* **Instructions to follow**
In the material below, the lines between the one holding "If I start a" and the one holding "Hello everyone, welcome", inclusive, are to be set down word for word. Pictures stay out.

* **Provided information**
::::
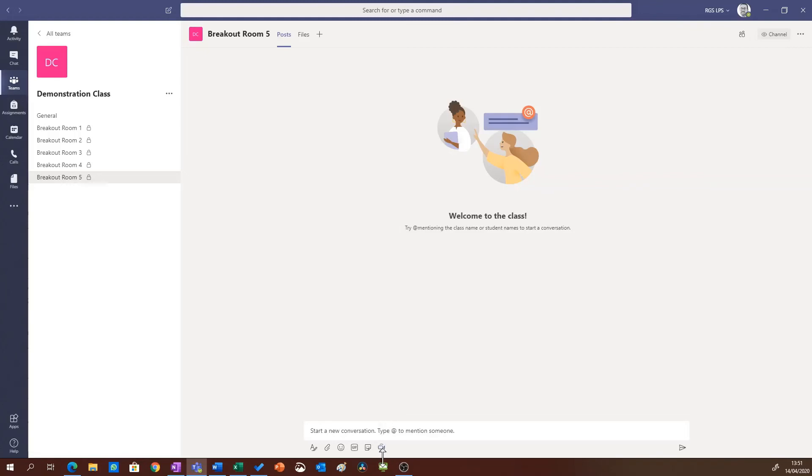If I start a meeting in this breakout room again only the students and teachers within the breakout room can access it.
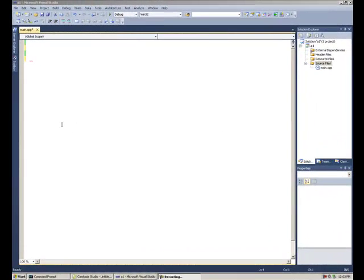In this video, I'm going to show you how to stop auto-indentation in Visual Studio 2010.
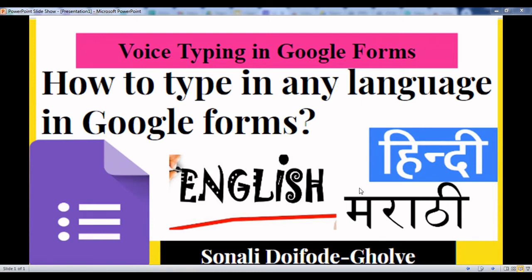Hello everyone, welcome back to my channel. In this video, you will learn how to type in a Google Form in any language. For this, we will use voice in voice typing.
::::
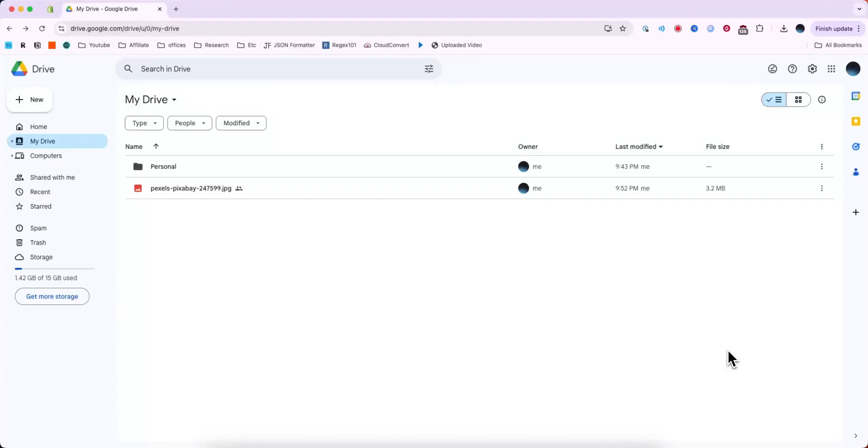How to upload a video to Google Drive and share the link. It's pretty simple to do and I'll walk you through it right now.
::::
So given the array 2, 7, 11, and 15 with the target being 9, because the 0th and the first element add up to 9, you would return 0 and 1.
::::
* **Task output**
If I start a meeting in this breakout room again only the students and teachers within the breakout room can access it.
In this video, I'm going to show you how to stop auto-indentation in Visual Studio 2010.
Hello everyone, welcome back to my channel. In this video, you will learn how to type in a Google Form in any language. For this, we will use voice in voice typing.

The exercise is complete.